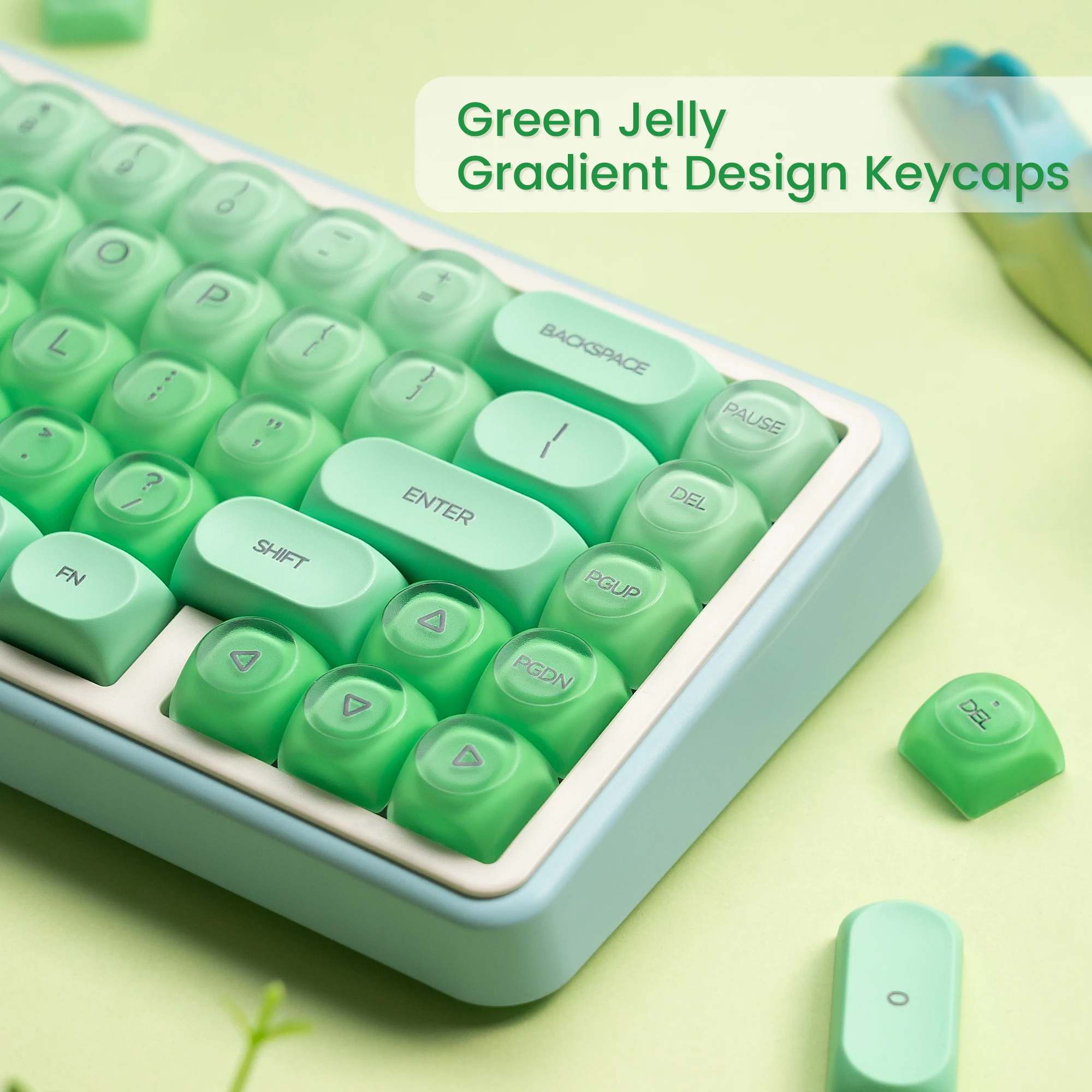 XVX 130 Keys Green Liquid Foundation Keycap Custom Key Caps HOA Profile PBT Double Shot Keycap for Mx Switch Mechanical Keyboard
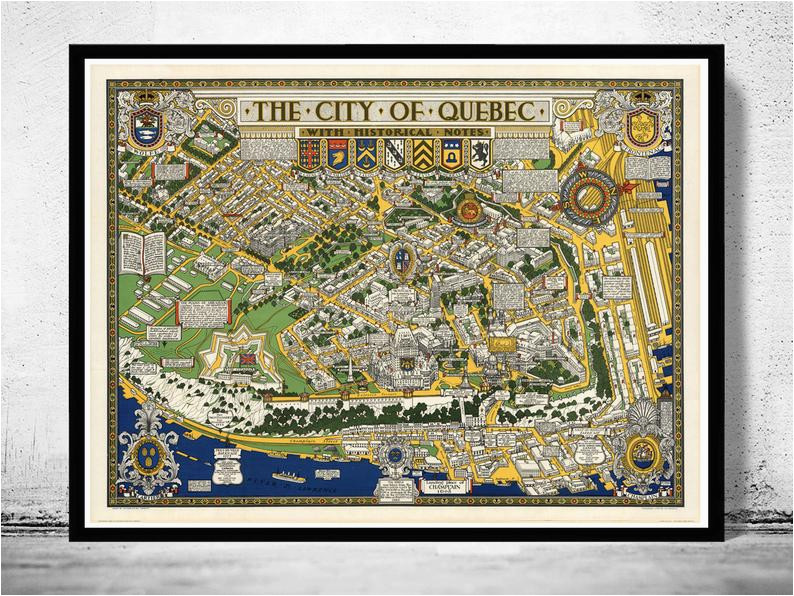 old map of quebec city canada pictorial map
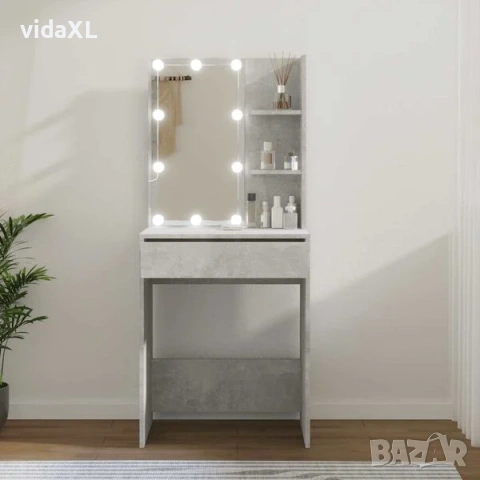 vidaXL Тоалетка с LED, бетонно сива, 60x40x140 с（SKU:808832）, снимка 2 - Тоалетки - 53313013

◆ **TASK OBJECTIVE**: A word-for-word copy of the data, without its pictures, is what is needed.

◆ **SOLUTION TO THIS PROBLEM**:
 XVX 130 Keys Green Liquid Foundation Keycap Custom Key Caps HOA Profile PBT Double Shot Keycap for Mx Switch Mechanical Keyboard
 old map of quebec city canada pictorial map
 vidaXL Тоалетка с LED, бетонно сива, 60x40x140 с（SKU:808832）, снимка 2 - Тоалетки - 53313013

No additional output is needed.